А прощаясь, еще раз напомнил Милютину:
– Так до Ливадии.
Уходя от императора, Дмитрий Алексеевич с досадой думал: «Как понять императора? То ли он полностью согласился с моими объяснениями относительно прежней пошлой дребедени князя Барятинского, то ли еще что-то затаил и ждет случая мне это объявить. Во всяком случае не могу понять, как согласовать это любезное приглашение в Ливадию с нежеланием иметь меня в свите во время смотров, которые он проводит по дороге в Крым? А ведь я должен отложить свой выезд из Петербурга недели на две для того только, чтобы не ехать по следам государя и не подать повода к толкам о моем странном положении».

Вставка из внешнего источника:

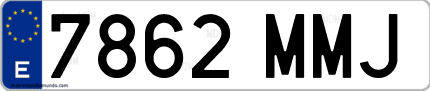 Ejemplo de matrícula de coche ordinaria 7862 MMJ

А вернувшись из отпуска, снова окунулся в привычную работу, от которой постоянно отвлекали бесчисленные заседания, особенно последние заседания о воинской повинности, которые наконец-то завершились, как ни старался граф Шувалов и граф Толстой испортить постановление о воинской повинности своими вздорными и прихотливыми предложениями. Важную роль играл в ходе обсуждения великий князь Константин Николаевич, который чаще всего поддерживал позицию Военного министерства, а потому вскоре и все статьи были приняты и отправлены Александру Второму.
Александр Второй, прочитав Постановление о воинской повинности, в присутствии цесаревича наследника, великого князя Константина Николаевича, адмирала Краббе, государственного секретаря Сольского, военного министра Милютина, проект манифеста о воинской повинности одобрил, но тут же с недовольством сказал:
– Дай Бог, чтобы так было! Вот увидите сами, сегодня же вам покажется, что не все так думают, как вы…

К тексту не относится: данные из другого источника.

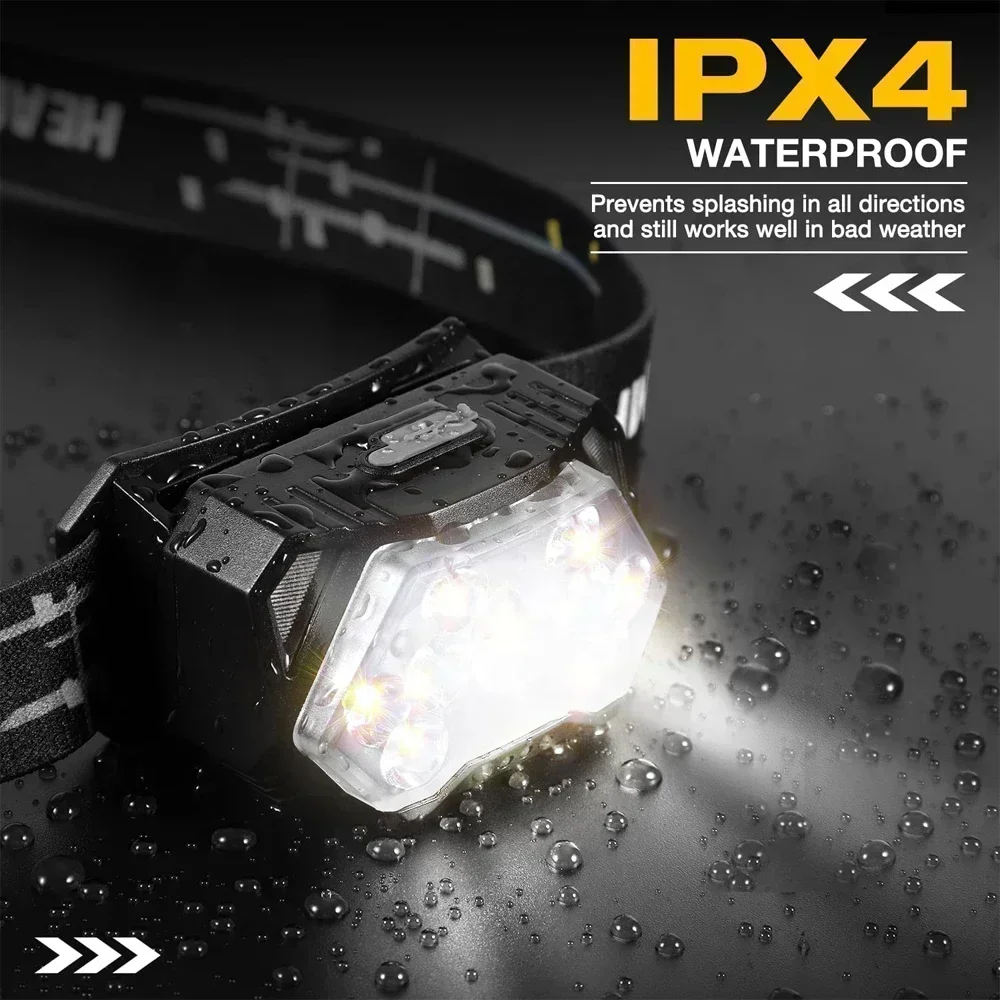 Poderoso sensor de led farol recarregável usb led cabeça tocha acampamento busca luz com bateria embutida lanterna de pesca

Отпустив Краббе и Сольского, император уточнил свою позицию:
– Есть сильная оппозиция новому закону. Многие пугаются, видят в нем демократизацию армии. Вы сами знаете, кто ваши противники. А более всех кричат бабы…
Вновь возвращаемся к дневнику Милютина, в котором он подробно описывает свой ответ императору о влиянии тех кривотолков, которые широко распространяются в обществе: «С своей стороны я высказал прямо и откровенно, – писал Милютин 9 декабря 1873 года, – что гр. Д.А. Толстой, главный наш оппонент в Государственном совете, действует под влиянием двух побуждений: с одной стороны – влияние редакции «Московских ведомостей», поддерживающей горячую агитацию в пользу классических гимназий и исключительности права одного привилегированного сословия на высшее образование; с другой стороны – под влиянием петербургской аристократической партии, мечтающей о том, чтобы офицерское звание было исключительным достоянием дворянских родов. Государь не только выслушивал внимательно наши откровенные объяснения, но даже по временам поддакивал нам, так что можно было полагать, что он не поддается влиянию аристократической партии».